▶ [Exercise prompt]: From the entries below, print exactly the span beginning with the line holding "And for this" and ending with the line holding "Hello everyone! In", endpoints included, and skip any pictures.

»»

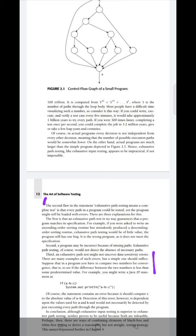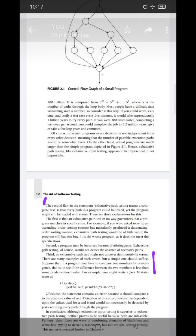Second, missing paths. The program may be incorrect because of missing paths. Exhaustive path testing, of course, would not detect the absence of a necessary path. In this diagram, there could be a missing path from A to the next node.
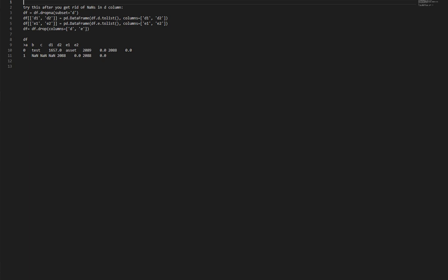Final result with columns a, b, c, d1, d2, e1, e2. Row 0: Test, 1657.0, Asset, 2089.0, 2088.0. Row 1: NaN NaN NaN, 2088.0, 2088.0.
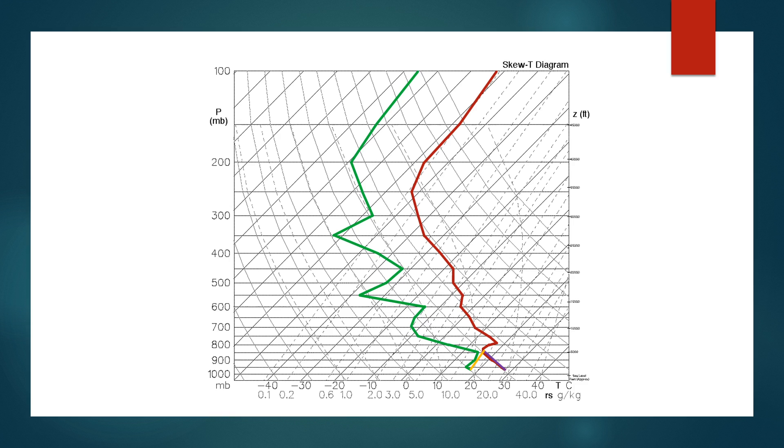You follow the dew point up the mixing ratio line because as the surface parcel rises, the moisture content in the parcel remains the same, so the mixing ratio does as well. At the point where the dew point along the mixing ratio line and the temperature along the dry adiabat line meets is called the lifted condensation level, or the LCL. If the surface parcel is lifted by some sort of lifting mechanism, this would be about the height of the base of the cloud.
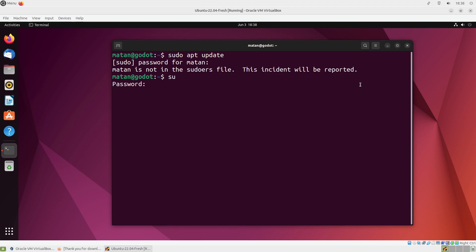And for this command, the password that we provided when we created the virtual machine will work. So I'll type in the password from the installation. And as you can see, I'm now logged in as root.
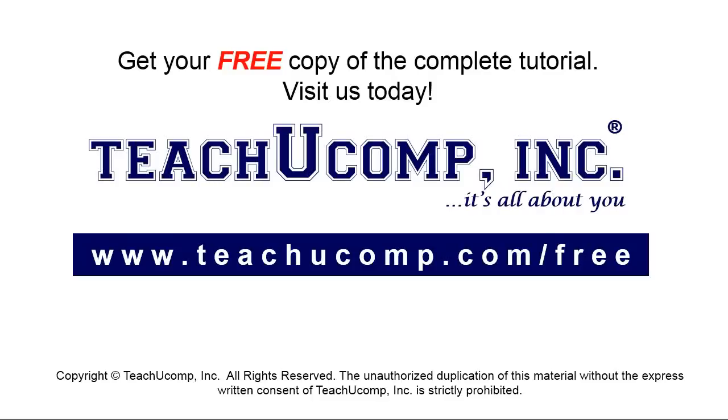Get your free copy of the complete tutorial at www.teachyoucomp.com forward slash free.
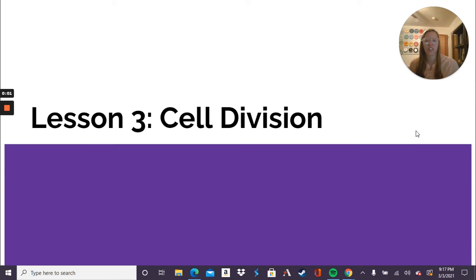Hey, 6th Graders! Just one lesson today — lesson three — is cell division. It'll be the last lesson in our chapter.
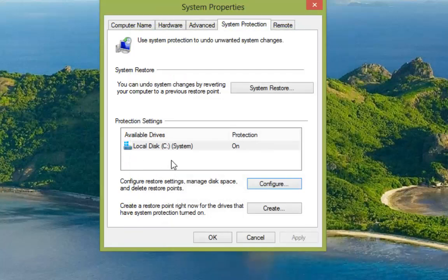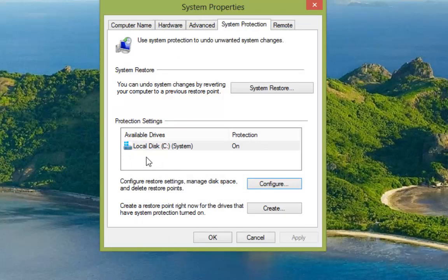now you may have more hard drives and you may want system restore enabled on them. If you have, select the drive and go into configure. Then you can go through the same process as we've just done here.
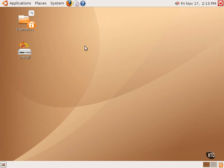In this tutorial, we're going to take a look at the initial desktop environment of the Ubuntu Linux Live CD.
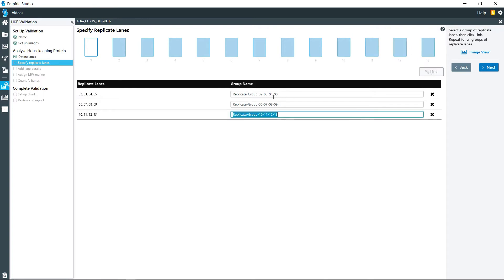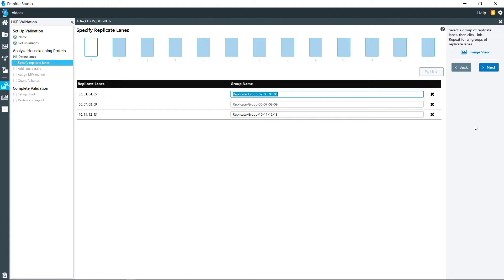Click those and then link those together. And then if need be, you can give them a treatment name or anything that indicates what you have done for those replicates. You can add that or just go with the default settings.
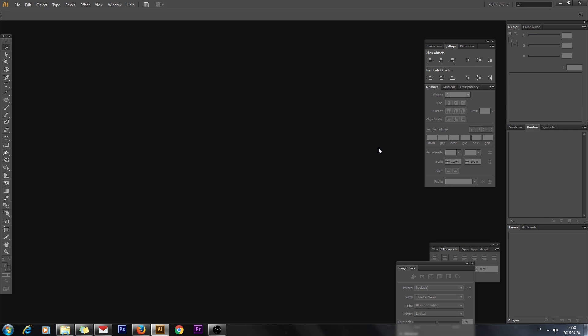Hello everyone! In this Adobe Illustrator tutorial I will show you how to make realistic vector fire.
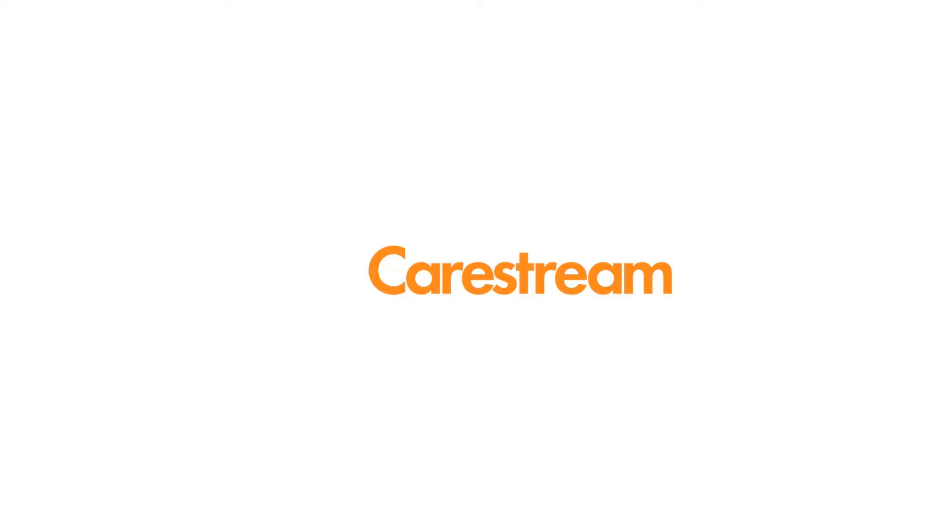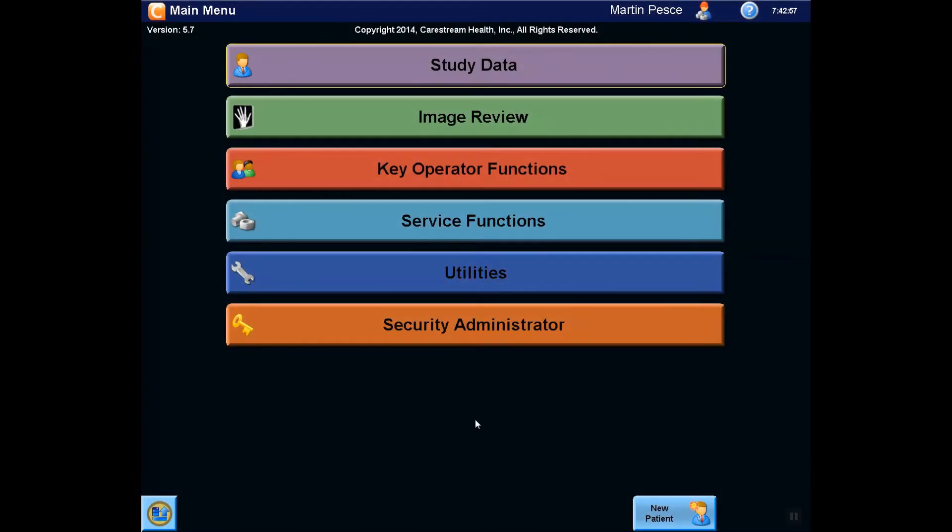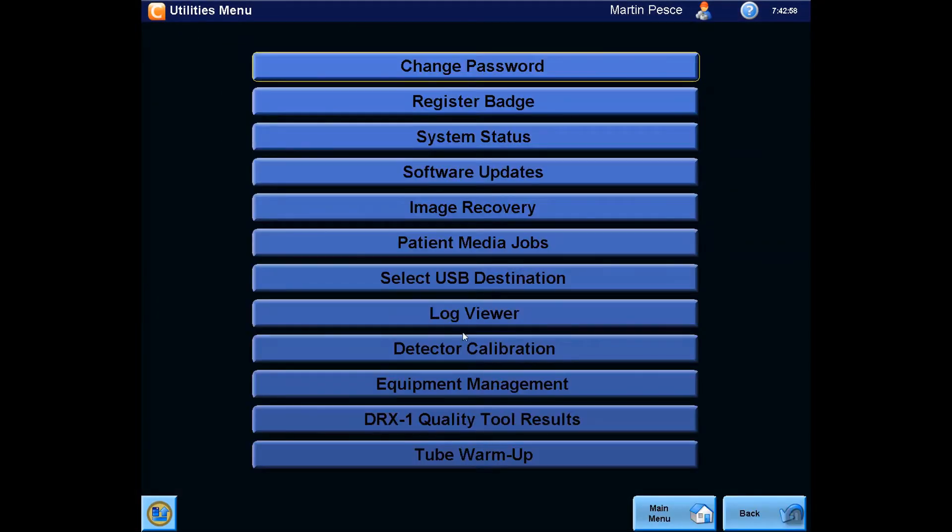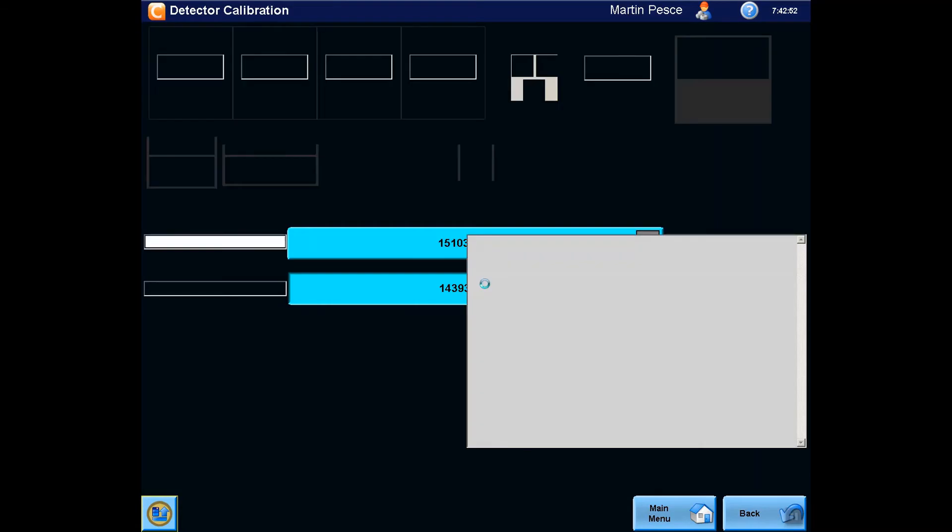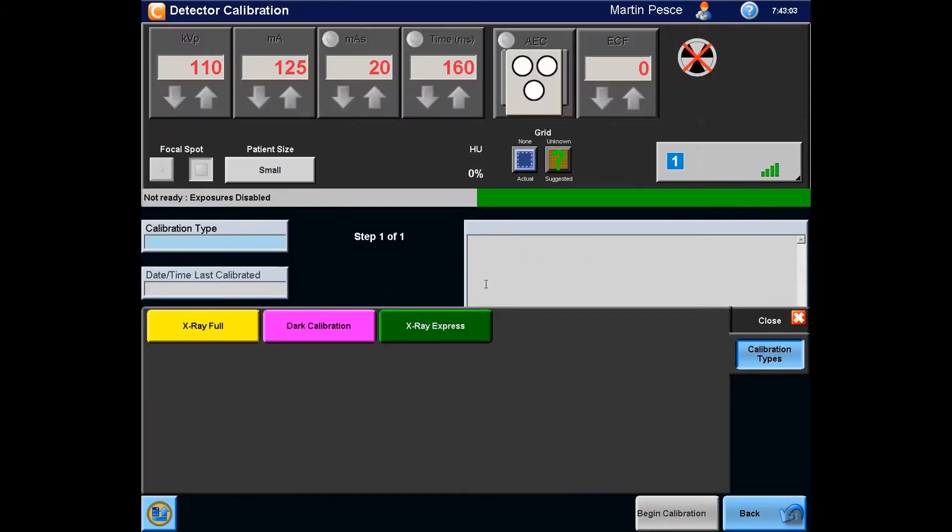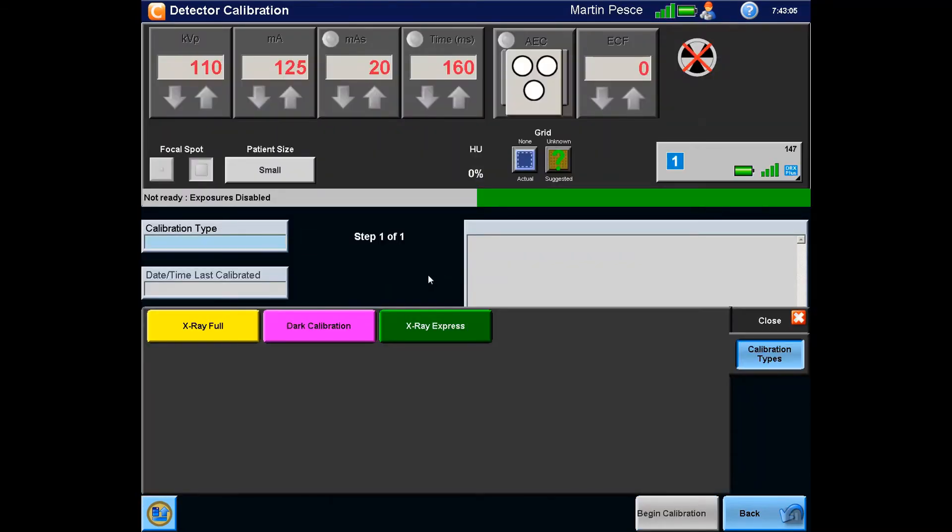This video will demonstrate the process to perform a full calibration on the DRX Plus detector. From the main menu, select the Utilities button, Detector Calibration, and then select the detector you wish to calibrate. Select X-ray Full from the choices.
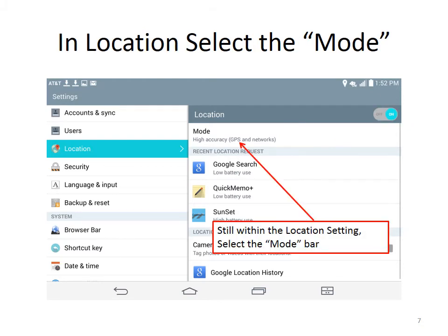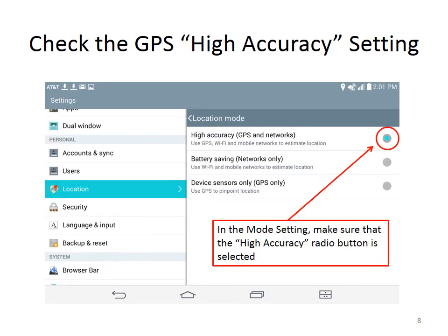While still in Locations, we want to tap on the Mode bar. Within the Mode bar, we want to make sure that the GPS and network settings is set to High Accuracy. This is a radio button — you can only select one — and we want the one shown, which is High Accuracy.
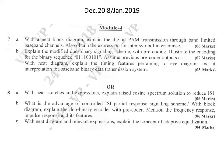The next question is: with neat sketches and expressions, explain the raised cosine spectrum solution to reduce ISI. One method to reduce inter-symbol interference — the raised cosine spectrum — should be explained with diagrams and expressions for 6 marks. Then: what is the advantage of controlled ISI partial response signaling? With a block diagram, explain the duobinary encoder with the precoder, mentioning the frequency response, impulse response, and its features.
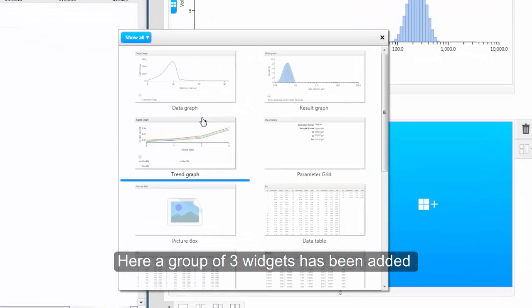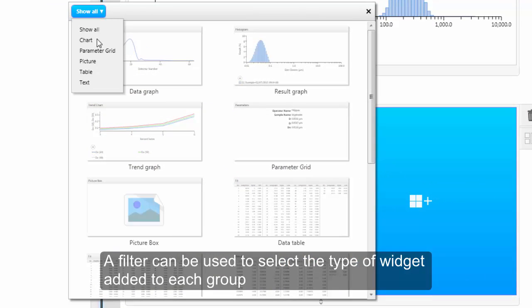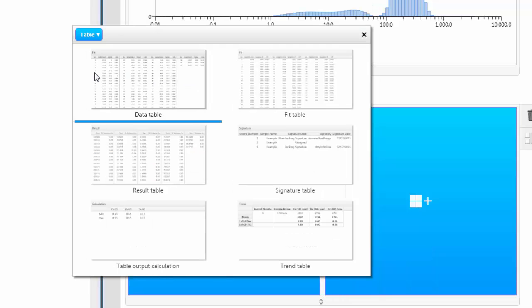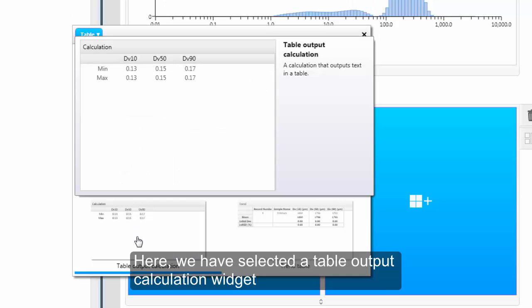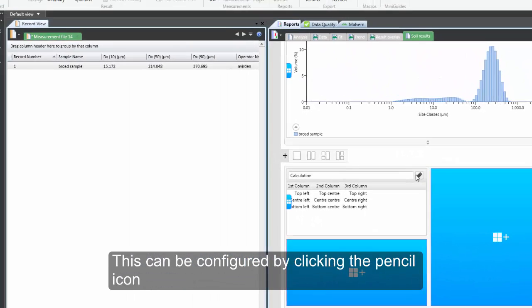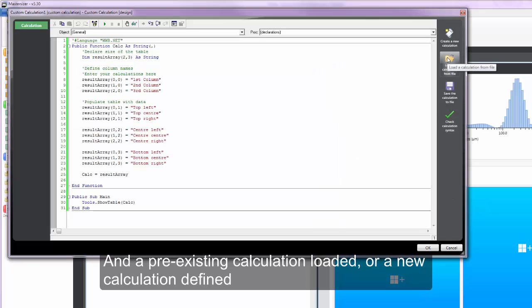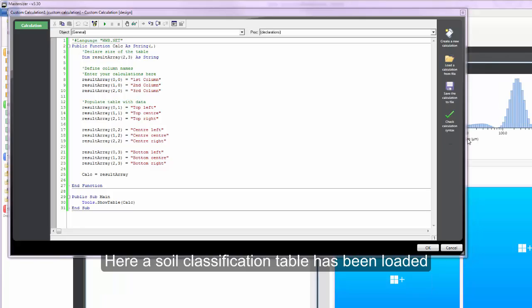There is a filter to help you choose what type of widget to add. And here I want to put in a table so I have filtered for tables. And I have selected a table output calculation as I want to add a custom table with specific soil classifications on it, which I can do by going to edit and loading the previously defined code.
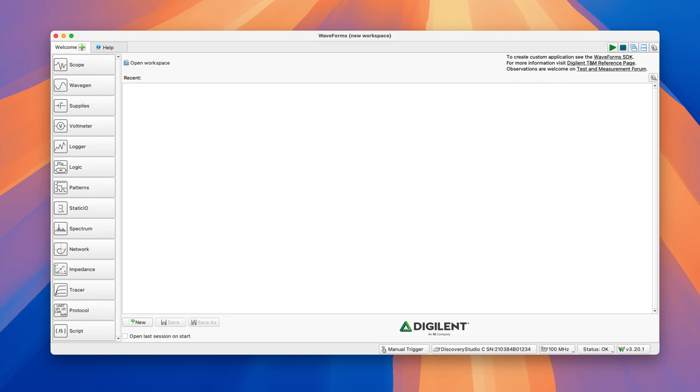Hello everyone, welcome to the second video of the series. I'm going to show you now how Waveforms, the software that we're going to use to give and take signals from the Analog Discovery Studio, works.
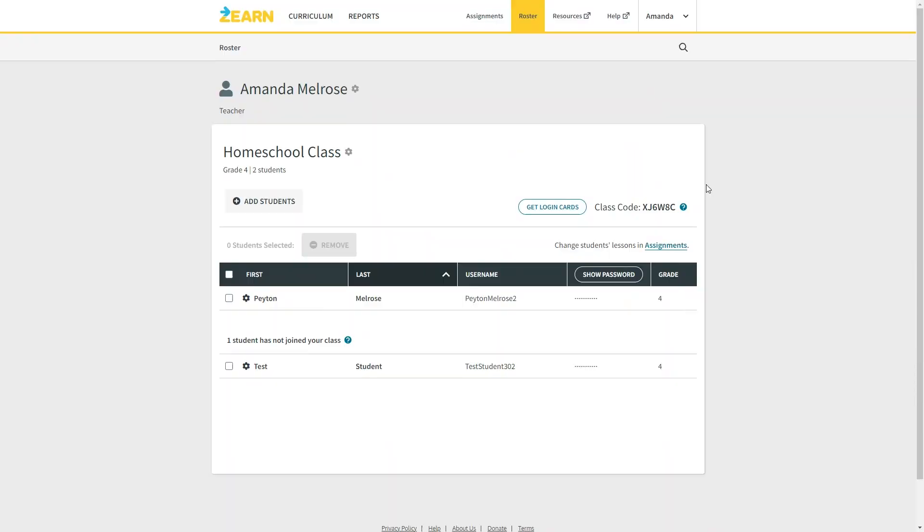We'll take a look at how to change the lessons, find the scope and sequence for the curriculum, and look at the reports in a few minutes. But first let's take a look at this from the student's point of view. Your child will need their username, password, and class code to sign in. Parents with kids in school will get this class code from their child's teacher. Otherwise you can find it here.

««

▶ [Output for this exercise]:
And for this command, the password that we provided when we created the virtual machine will work. So I'll type in the password from the installation. And as you can see, I'm now logged in as root.
Get your free copy of the complete tutorial at www.teachyoucomp.com forward slash free.
Hey, 6th Graders! Just one lesson today — lesson three — is cell division. It'll be the last lesson in our chapter.
now you may have more hard drives and you may want system restore enabled on them. If you have, select the drive and go into configure. Then you can go through the same process as we've just done here.
In this tutorial, we're going to take a look at the initial desktop environment of the Ubuntu Linux Live CD.
Click those and then link those together. And then if need be, you can give them a treatment name or anything that indicates what you have done for those replicates. You can add that or just go with the default settings.
Hello everyone! In this Adobe Illustrator tutorial I will show you how to make realistic vector fire.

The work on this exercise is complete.